▶ _Task brief_
Reproduce exactly the lines of the material beneath, from the line that contains "Easy plant propagation" to the line that contains "Thumbnail 2 in", both included, and no other lines.

▶ _Given data_
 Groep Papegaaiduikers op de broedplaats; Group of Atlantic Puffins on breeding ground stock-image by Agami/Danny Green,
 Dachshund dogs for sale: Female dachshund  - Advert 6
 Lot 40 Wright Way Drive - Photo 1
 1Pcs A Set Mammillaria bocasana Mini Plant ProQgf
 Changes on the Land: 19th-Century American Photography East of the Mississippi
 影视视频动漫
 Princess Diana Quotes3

--

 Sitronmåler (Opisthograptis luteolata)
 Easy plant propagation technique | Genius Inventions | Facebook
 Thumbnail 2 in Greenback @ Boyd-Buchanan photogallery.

▶ _Answer section_
 Easy plant propagation technique | Genius Inventions | Facebook
 Thumbnail 2 in Greenback @ Boyd-Buchanan photogallery.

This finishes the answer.